Willard McCarty (MCCARTY@VM.EPAS.UTORONTO.CA)
Tue, 6 Jun 89 21:18:21 EDT


Humanist Discussion Group, Vol. 3, No. 103. Tuesday, 6 Jun 1989.

Date: Mon, 5 Jun 89 09:08:00 EDT
From: <BCJ@PSUVM.bitnet>
Subject: Urdu Scribes Strike...

*Urdu Scribes Strike at India Newspapers*

(By Barbara Crossette, NY Times, Sunday, June 4, 1989)

NEW DELHI, June 3 -- Several dozen calligraphers went on strike last
week along India's newspaper row, reminding the Asian publishing world
that there is still one language that has eluded the typesetter: Urdu.
Although experimental computer typesetting is being studied here and
in Pakistan, where Urdu is the national language, newspapers in both
countries still rely on accomplished scribes called katibs to handwrite
the news with artists' pens.
Urdu, similar to spoken Hindi but written in an Arabic-based Persian
script, is considered the literary language of the continent's Muslims,
many of whom migrated from India to Pakistan at the partition of British
India in 1947. Urdu remains a minority language in both countries, how-
ever, passionately defended by poets and storytellers.
Newspapers, magazines and books in Urdu, an Indo-Aryan tongue that did
not take on distinct written form until as late as the 17th century, are
read from back to front and right to left, unlike the Sanskrit-based
languages of the region, which also belong to a larger Indo-European
family.
In Delhi, no more than a handful of Urdu newspapers survive.

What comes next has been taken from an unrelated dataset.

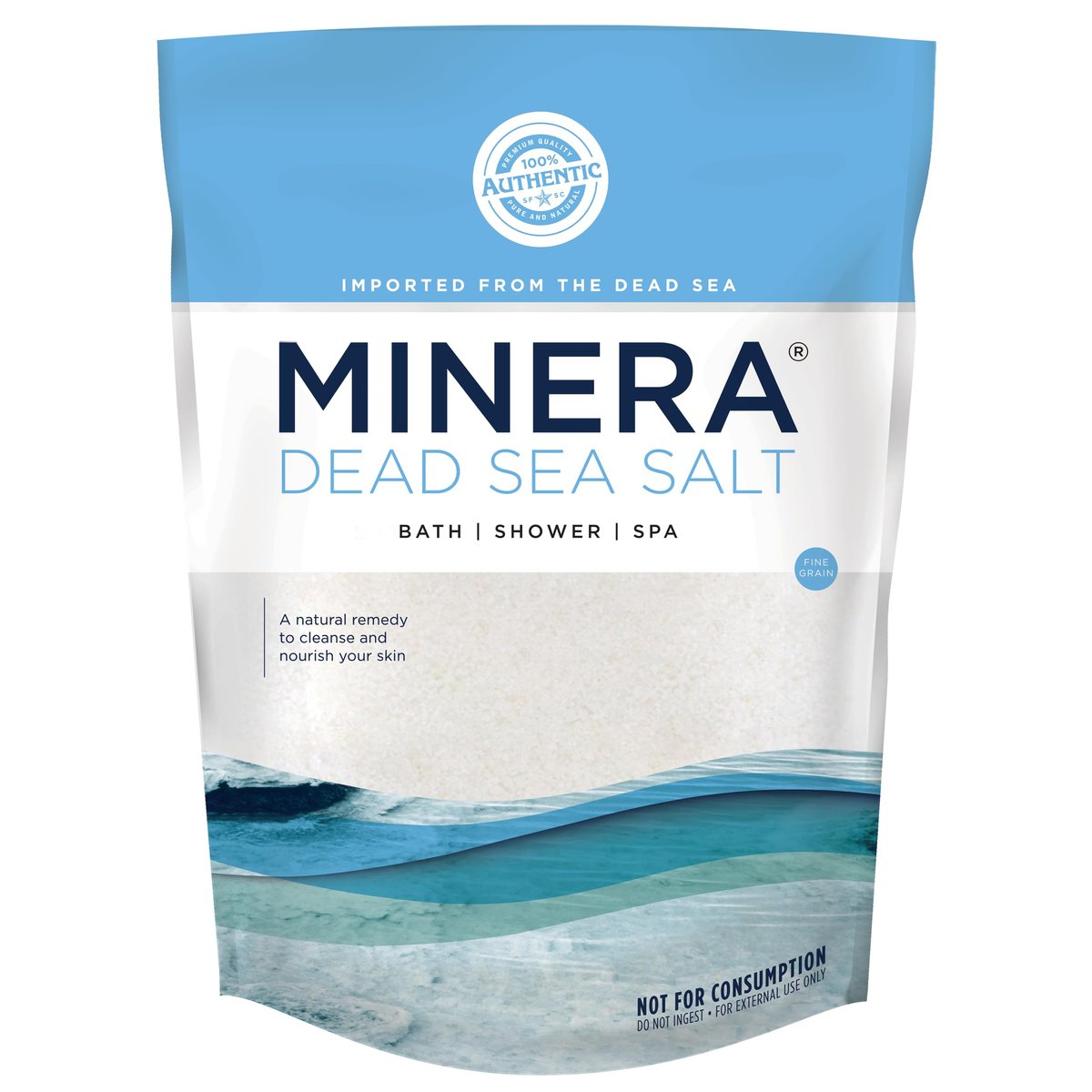 Minera Fine Grain Dead Sea Salt for Bath & Foot Soaks – 5 lbs, Fast-Dissolving, 100% Pure and Natural, Unscented, Skin-Softening Sea Salt Avelisse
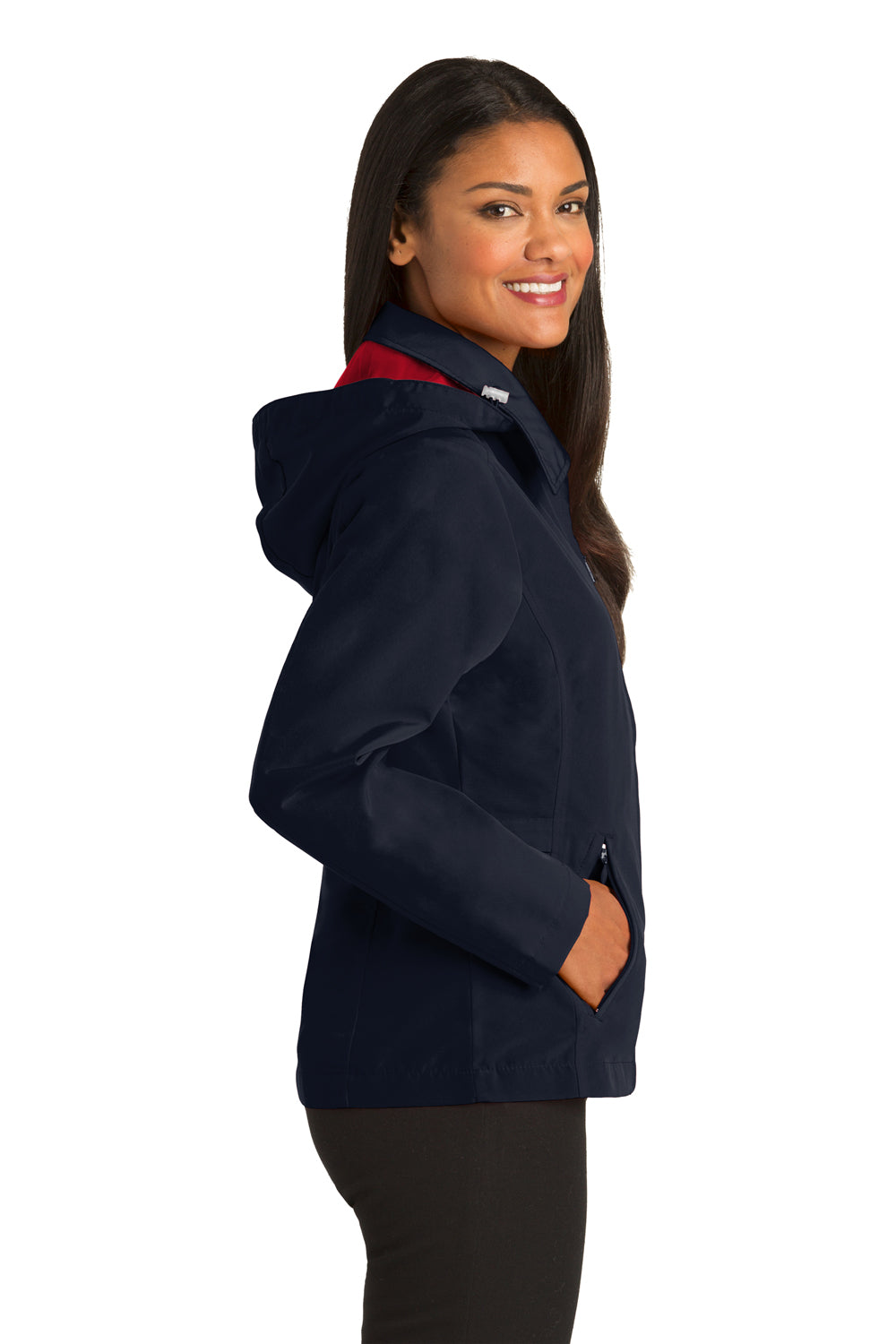 Port Authority L764 Womens Legacy Wind & Water Resistant Full Zip Hooded Jacket Navy Blue Side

The katibs
at the Daily Pratap could count only eight today. Many of the capital's
Muslims are concentrated in the old city nearby, a Mogul town before the
British came.
Perched on wooden platforms in dingy back rooms, the katibs -- some of
them trained in the purest Urdu in schools named for the traditional in-
tellectual centers of Lahore or Lucknow -- turn out their handwritten news
columns at the rate of about 10 inches an hour. The "type" then goes
straight to photocomposition.
Mohammed Ikram, a 51-year-old katib at the Daily Pratap, said the
calligraphers earn only $30 to $50 a month for long days in uncomfortable
surroundings. He is among those who took part in a protest march on May
26 to demand a journalist's basic wage of $35 to $70.
"Since 1968, when the court classified us as journalists, we have been
cheated by the proprietors," Mr. Ikram said.